Before I got into it, I read stuff on the web, and I got the impression that I would be able to can my own recipes. I put up seven pints of chili. Then I learned that using your own recipes is a huge canning faux pas.

I thought home canning was a technology that had been perfected in basements, by millions of mothers and grandmothers. But it turns out there are food laboratories that put recipes together. They put temperature probes into jars full of food, and they process them, and they record the results. Then they come up with approved pressure and time guidelines for the recipes they use. If you deviate substantially from those recipes, you may not heat all areas of your jars enough, and then you get botulism, which takes months to go away. Meanwhile, people tell you how much younger you look.

This means you have to find USDA-approved recipes and use them. What good is that? If I wanted other people’s bad recipes, I wouldn’t waste time putting together my own wonderful recipes. Imagine how badly food scientists cook.

I’m going to see what I can do to work around this. Sometimes it’s possibly to use an approved recipe and then add your own stuff when you open the jar. But if the approved recipes are so bad they can’t be fixed, that won’t work.

My chili has cheddar cheese melted into it, so I’m sure it has much more fat in it than the USDA recipe (which is probably boring and bland). Adding fat can throw off processing times. I have to study up on this and see what I can do.

Luckily, pork sausage is approved for canning. For some reason, they don’t tell you to cook it through. That seems odd. Maybe it cooks through when you put it in the canner.

I also read that if your canner drops below the required pressure, you have to start over. You have to raise it to the right pressure and set the time to zero again. The processing you did before you lost pressure doesn’t count.

Here’s good news. You can destroy botulin by boiling your food for ten minutes. I’ve also seen twenty minutes mentioned, so take it for what it’s worth. Never trust me when it comes to food safety.

I stuck my remaining chili in the fridge. I’ll get rid of it fast enough to avoid problems. It’s probably fine, but botulism sounds like it’s no fun at all, so I’m not ready to take a chance.

I found out what killed my pressure canner. The gasket has a tiny hole in it. I’m going to have to go to Goodman’s and get a couple of new ones. Didn’t see this coming.

Today I’ll check out my picnic shoulders, and if they smell okay, I’ll go ahead and make sausage. If not, I’ll brine them in baking soda to kill the stench. Boar taint is the thing that ruins pork sausage, and you don’t have to tolerate it.

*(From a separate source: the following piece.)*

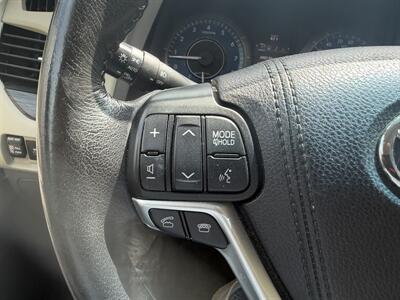 2015 Toyota Sienna AWD-XLE 7-Passenger   - Photo 29 - Winchester, NH 03470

Hmm…will this upset the canning schedule because it reduces the acidity? Probably not. I don’t think meat is acidic enough to retard the growth of anything, so treating it with baking soda probably won’t matter.

8 Responses to “Can Don’t”

  1. GrumpyUnk Says:

    I’m not an expert on canning either, but I know that lots of folks have their own recipes for things like Chili and do fine.
    I’ll recommend Jackie Clay again at Backwoodshome.com.
    You might want to go look through her old stuff there or purchase her new book on canning or both. In her column she says, “Here’s my recipe for doing that” a lot when answering questions just like yours.

    I’m going out to transplant asparagus now. Keep up the good work, you’ll get it.

  2. Bradford M Kleemann Says:

    You have a physics degree and a machine shop. Hooking up temperature probes should be jsut like duck soup! I’m assuming duck soup is easy to make. I’ve never actually made it. But I have hooked up temperature probes, but not in anything food-grade.

  3. Ben Says:

    Obviously I’m no expert on canning so these are just guesses, not guidelines. However, I’m thinking that if you find approved recipes with about the same proportions of thing like meat, fat, and liquid you should be fine. You could also combine that with increased time, hopefully without ruining the recipe. That way you cover all your bases.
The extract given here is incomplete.